I've installed Nvclock 0.8b2 but it doesnt reconise my VC
it's a 8800gts 512

btw i'm on 64bits

any ideas, is it normal?


Thanks

ahaslam
April 11th, 2008, 11:08 PM
I'm now using the same card. I just use the nvidia-settings frequency adjustments. You'll just need to enable coolbits within your xorg.conf.

nebu
April 12th, 2008, 07:18 AM
isnt overclocking a gfx card dangerous....

if i overdo the settings... can i end up frying my gfx card???

ahaslam
April 13th, 2008, 10:16 PM
isnt overclocking a gfx card dangerous....

if i overdo the settings... can i end up frying my gfx card???

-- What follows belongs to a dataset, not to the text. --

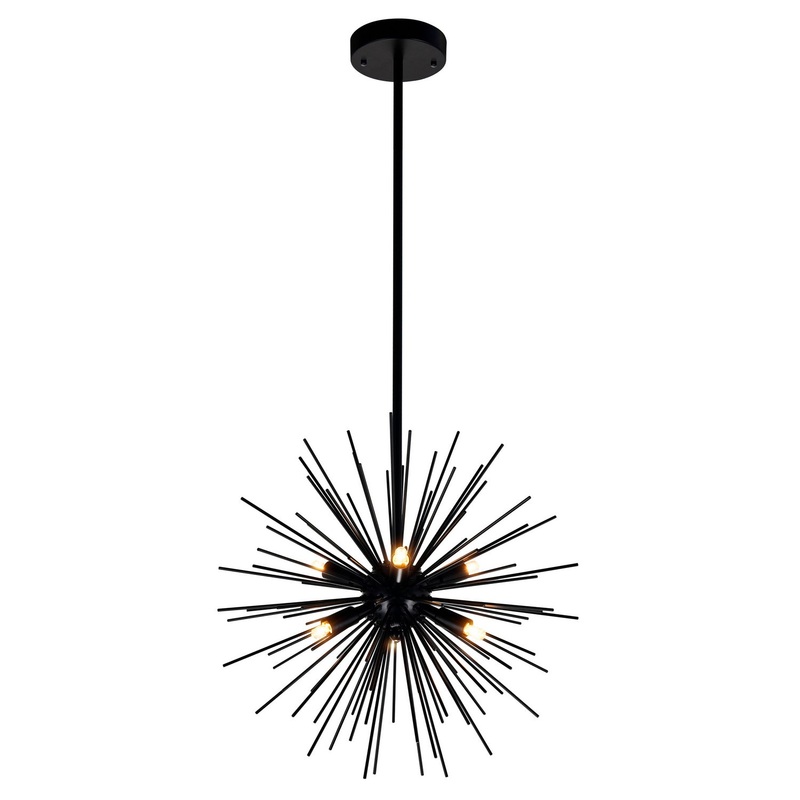 Savannah Six Light Chandelier in Black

It's only risky if you push the voltage too high. If you don't do any hardware mods it'll be fine. The worst that'll happen is a system freeze, that's basically telling you there's not enough current for that clock.

Vadi
April 13th, 2008, 10:19 PM
Still though, if you aren't sure, don't do it. Because then you'll only have yourself to blame.

SnakeHips
December 9th, 2008, 11:08 PM
Thought i'd have a little dabble and see if I could tweak my video card ..... was quite surprised at the reply lol ........... scroll down


pete@desk:~$ nvclock -i
-- General info --
Card: nVidia Geforce 6200
Architecture: G4A A1
PCI id: 0x221
GPU clock: 351.000 MHz
Bustype: AGP

-- Pipeline info --
Pixel units: 2x2 (11b)
Vertex units: 3x1 (111b)
HW masked units: None
SW masked units: None

-- Memory info --
Amount: 256 MB
Type: 64 bit DDR
Clock: 531.562 MHz

-- AGP info --
Status: Enabled
Rate: 8X
AGP rates: 4X 8X
Fast Writes: Disabled
SBA: Enabled

-- Sensor info --
Sensor: GPU Internal Sensor
GPU temperature: 53C

-- VideoBios information --
Version: 05.44.a2.07.52
Signon message: PNY GeForce 6200 AGP

pete@desk:~$ nvclock -n 370 -m 600
Warning!
You entered a core speed of 370.000 MHz and NVClock believes 0.000 MHz is the maximum!
This error appears when the entered speed is 25% higher than the default speed.
If you really want to use this speed, use the option -f to force it.

vulturesrow
December 10th, 2008, 01:53 AM
Maybe I skimmed over the answer, but how do you use nvclock to adjust your fan speed?

BTW, I'll let you know why Im asking , because my problem might be symptopmatic of a deeper issue. Long story short, the fan on the card only runs during bootup. After I get past the GRUB menu, the fan doesnt come on. Id like to see if I can get it to run using nvclock (or any other utility) to help my overheatin woes (I play World of Warcraft on my Ubuntu partition).

Thanks

ahaslam
December 10th, 2008, 04:46 PM
If you don't mind sitting next to a wind tunnel:


nvclock -fF auto

mastergunner
May 10th, 2009, 05:50 PM
Guys I know I am bringing up an old thread but I cant get nvclock to configure. Below is what I am getting. Need some help and I really appreciate it.

brad@brad-desktop:~/Desktop/nvclock0.8b4$ ./configure
checking for gcc... gcc
checking for C compiler default output file name... a.out
checking whether the C compiler works... yes
checking whether we are cross compiling... no
checking for suffix of executables...
checking for suffix of object files... o
checking whether we are using the GNU C compiler... yes
checking whether gcc accepts -g... yes
checking for gcc option to accept ISO C89... none needed
checking for g++... g++
checking whether we are using the GNU C++ compiler... yes
checking whether g++ accepts -g... yes
checking for a BSD-compatible install... /usr/bin/install -c
checking whether make sets $(MAKE)... yes
checking how to run the C preprocessor... gcc -E
checking for grep that handles long lines and -e... /bin/grep
checking for egrep... /bin/grep -E
checking for ANSI C header files... yes
checking for library containing getopt_long... none required
checking for sys/types.h... yes
checking for sys/stat.h... yes
checking for stdlib.h... yes
checking for string.h... yes
checking for memory.h... yes
checking for strings.h... yes
checking for inttypes.h... yes
checking for stdint.h... yes
checking for unistd.h... yes
checking getopt.h usability... yes
checking getopt.h presence... yes
checking for getopt.h... yes
checking for pkg-config... /usr/bin/pkg-config
checking for gtk+-2.0 >= 2.4.0... checking for x11... configure: error: "X11 required for nvcontrol support"
brad@brad-desktop:~/Desktop/nvclock0.8b4$ makw
bash: makw: command not found


I am running Kubuntu so why is it saying I do not have X11 support. Really strange.